Opinión

Japón

BIEN ENTRADO septiembre, las vacaciones tienen ya la lejanía de los mejores recuerdos. Pasé unos días de verano en Japón. Viajar allí era uno de esos deseos largamente aplazados, y un par de horas antes de llegar sentí el vértigo de la decepción, por si lo que había imaginado durante tantos años no cumplía la expectativa. Por suerte, no fue así. Descubrí un mundo incógnito, con otras normas y otros códigos, dispuesto sin embargo a adaptarse a los míos. Recordaré siempre la salida del sol tras las colinas de Kyoto, la marea humana en el cruce imposible de Shibuya, el improvisado brindis de sake con el que me obsequiaron unos desconocidos en un restaurante de Tokio, la vista brutal de la ciudad desde el bar del Hyatt mitificado por la película 'Lost in traslation', el crujido de la seda de los kimonos auténticos, unas gyozas en un bar de Osaka, el dibujo de las olas en un jardín de arena, el color del pabellón de oro, las calabazas de Yayoi Kusama o la silueta del monte Fuji recortándose en el atardecer desde la terraza de un centro comercial en el corazón de Ginza. Pero, si tuviese que quedarme con una escena de un viaje inolvidable, sería la que viví en una pequeña taberna en el mercado central de Kyoto, un lugar barato y modesto donde dos jóvenes camareras chocaron entre sí en el jaleo de la comanda. Lo lógico en Occidente habría sido que aquellas dos veinteañeras se cruzasen una selección de reproches o, como mínimo, de miradas asesinas. En lugar de eso, las dos chiquillas intercambiaron disculpas y reverencias, inculpándose ambas del pequeño estropicio.
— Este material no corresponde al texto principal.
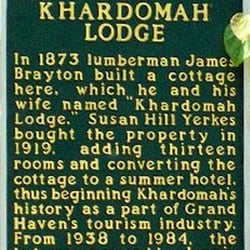 Khardomah Lodge - About the Lodge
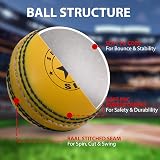 SPIN FIRST Incrediballs Soft Rubber Practice Balls – Stitched PU Core view 4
Eso es Japón: un lugar extremadamente civilizado donde suceden los mismos contratiempos que en cualquier otra parte del mundo, pero intentan siempre solucionarlos con una sonrisa, una disculpa, una inclinación de cabeza, quizá para evitar que luego sea demasiado tarde para arreglar las cosas. Guardo ese momento entre otras memorias de un verano feliz. Domo arigato gozaimasta, Japón.